In the mid 70s, or so, for many reasons, cycling got
popular, people wanted to work less hard, near-instant
gratification worked it's way into everyday life, and fewer
and fewer wanted to learn at the heels of the 'master'.
All these facts converged at a time when the casting
process was becoming common in the manufacture
of frame parts. Essentially, a lug which at one time
was (lovingly) hand wrought, became produced from
a master pattern using the lost wax process.
...every stinking piece EXACTLY the same as
the piece before it!!! Most in the industry saw this as
progress; more bikes could be made for less money,
by fewer skilled workers...
The era sort of began in Italy. Microfusione Italiana
was THE firm which, initially, did all the casting for
all the frame shops. I have a periodical from MFI from a 1979
trip to Milan and in it's pages are depicted many of the
lugs, crowns, and shells from the famous factories of the day.

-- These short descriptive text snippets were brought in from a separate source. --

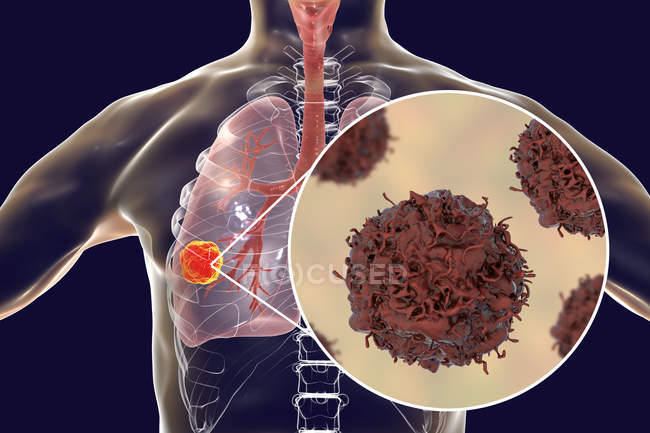 Цифровий ілюстрація ракової пухлини в легенях і Закри клітин раку легенів. — стокове фото
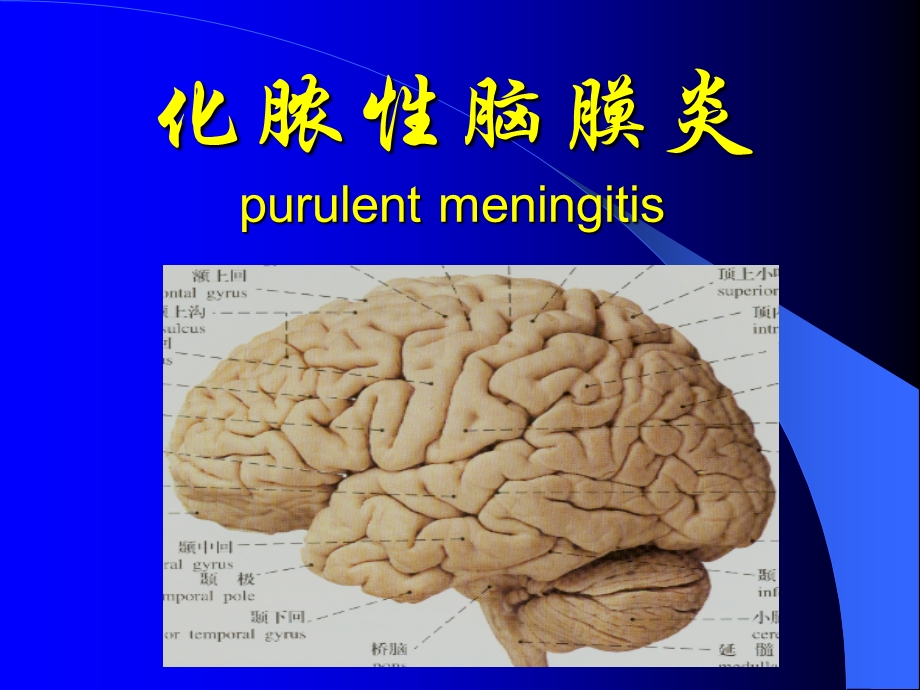 化脓性脑膜炎1.ppt_第1页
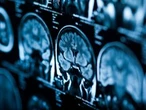 Cancer cases worldwide are expected to soar in the coming decades, a report finds. Here’s why.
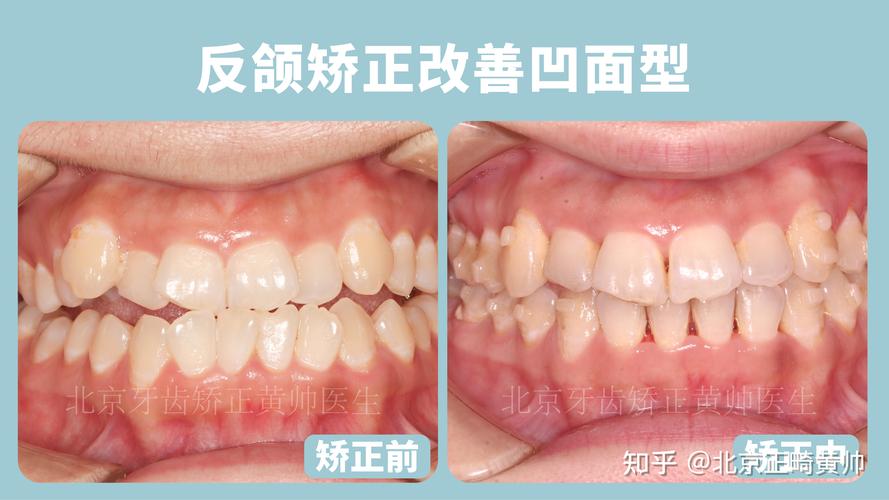 深圳正畸价格_深圳治疗地包天哪家医院好_深圳福田成人地包天正畸医院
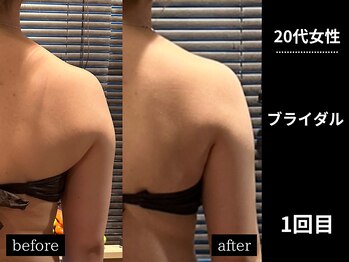 ミーツ(MEETS)/肩と腕が気になる/ブライダル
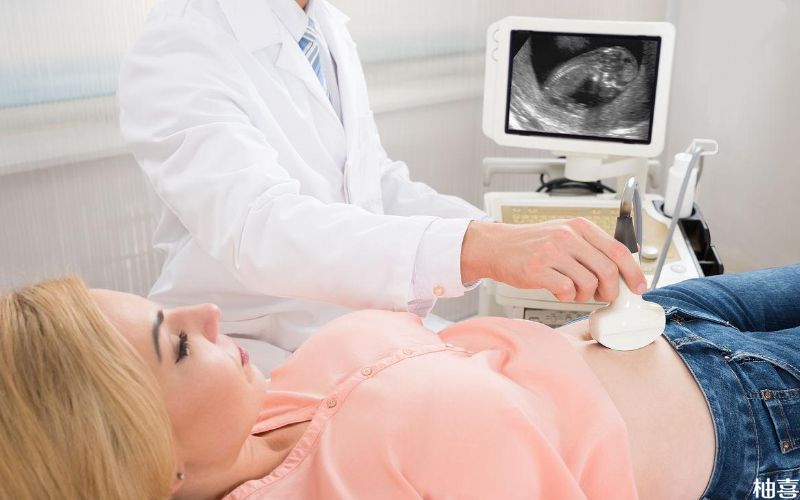 B超检查可以检测怀孕结果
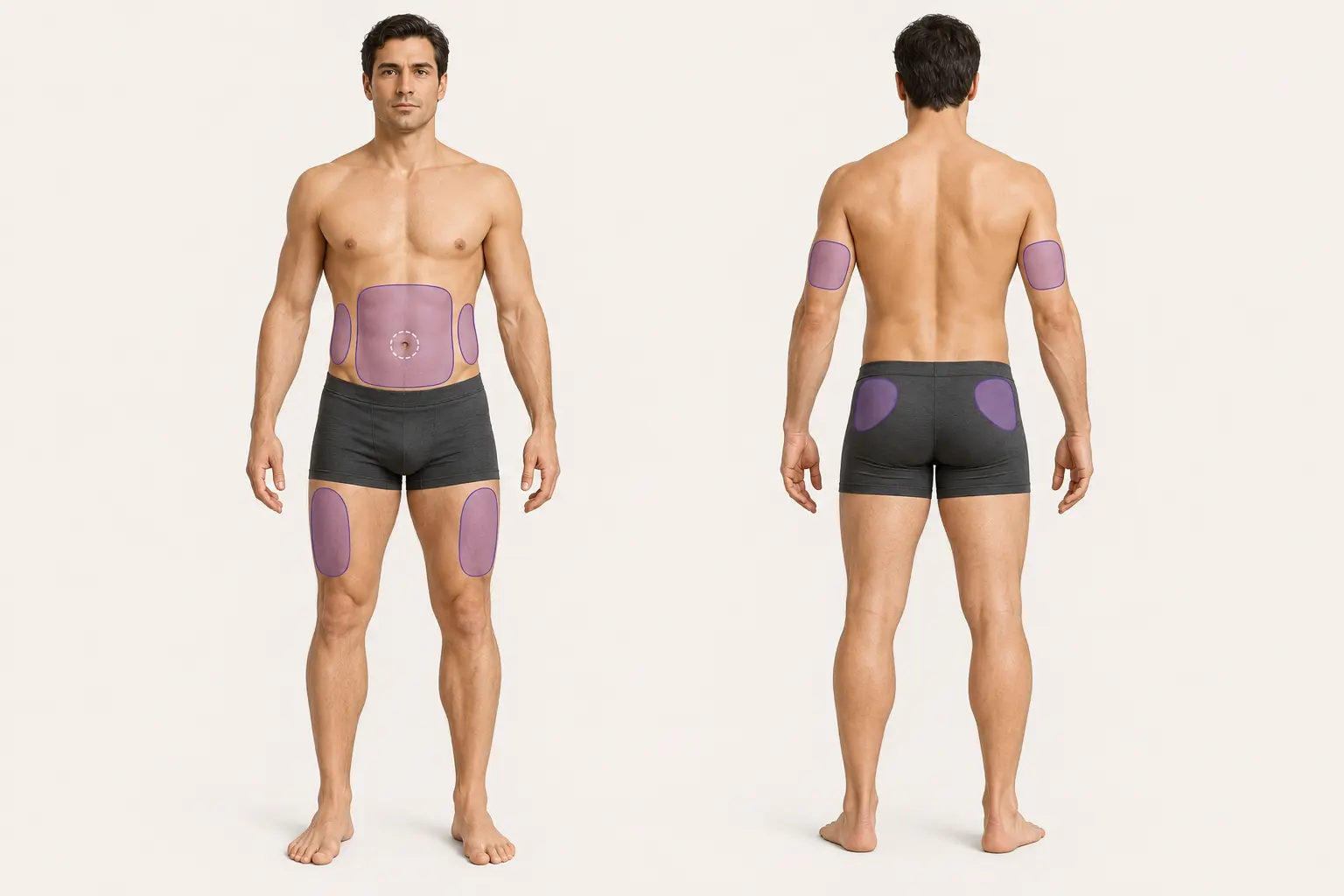 Front and back anatomical views with aligned subcutaneous injection zones on the abdomen, flanks, outer thighs, backs of the upper arms, and upper outer glutes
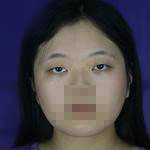 上海亞太醫(yī)療專(zhuān)家周聰做雙眼皮怎么樣？附周聰醫(yī)生雙眼皮案例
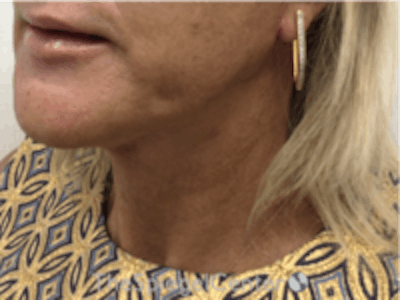 Neck Lift Before & After Gallery - Patient 157140038 - Image 2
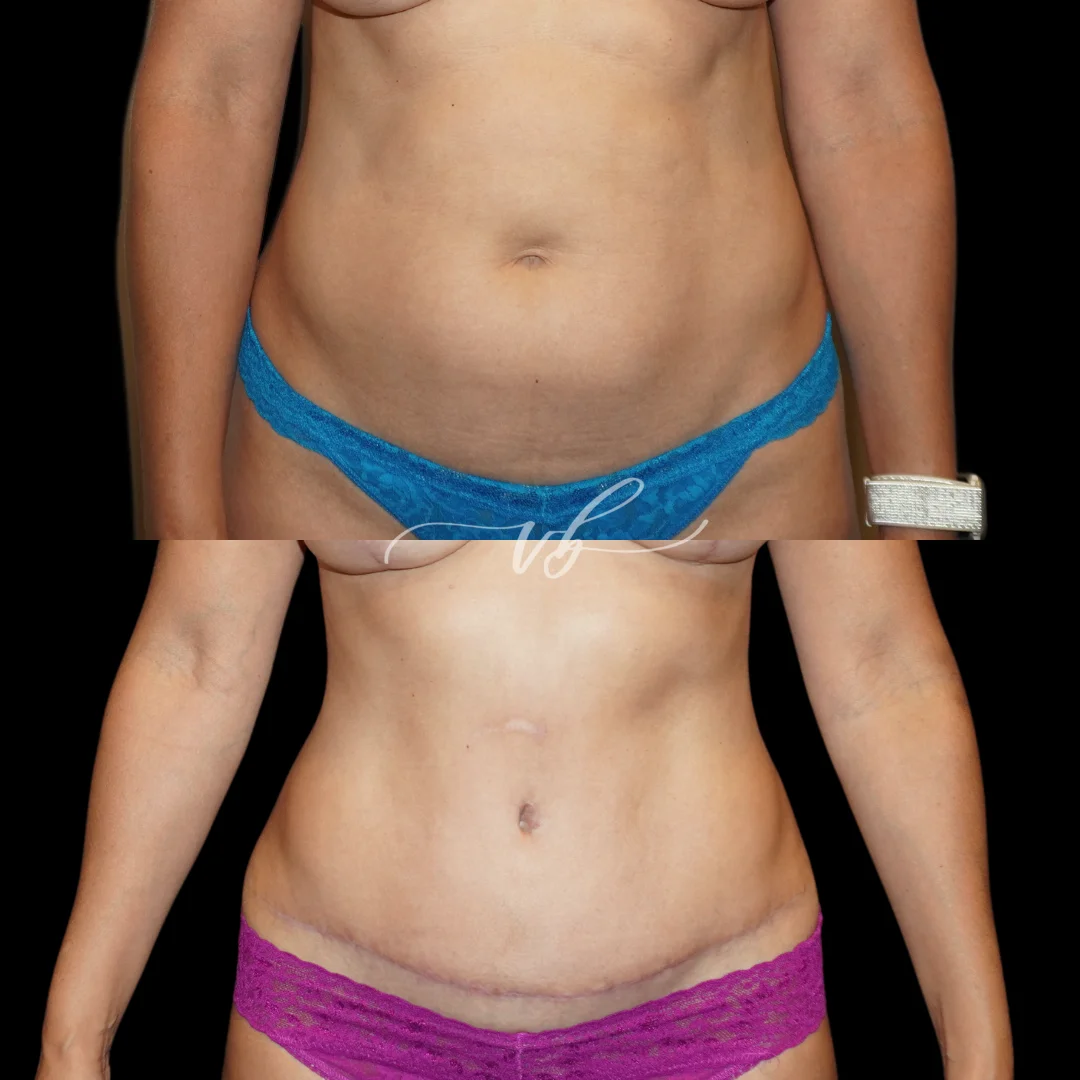 Tummy tuck before and after 7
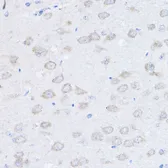 Anti-UBE4A antibody used in IHC (Paraffin sections) (IHC-P). GTX64985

Eventually, all finer casting would be done in the Orient.
Hitachi, Everest, Long Chen, and some others
do the majority of the contracts.
Whether or not the process used to make the lug
actually affects the quality of the frame is an arcane
issue at best. At any rate, the cast lug eliminates many
of the skills once needed to make the bicycles as fine as
the ones (from the past) that many on this list still
seem to pine for. And in the wake of this I can not
see any benefits to bicycle industry,
other than some commercial ones,
that came since the investment cast era
was ushered in.
Coffee, No-Doze, ANYONE!!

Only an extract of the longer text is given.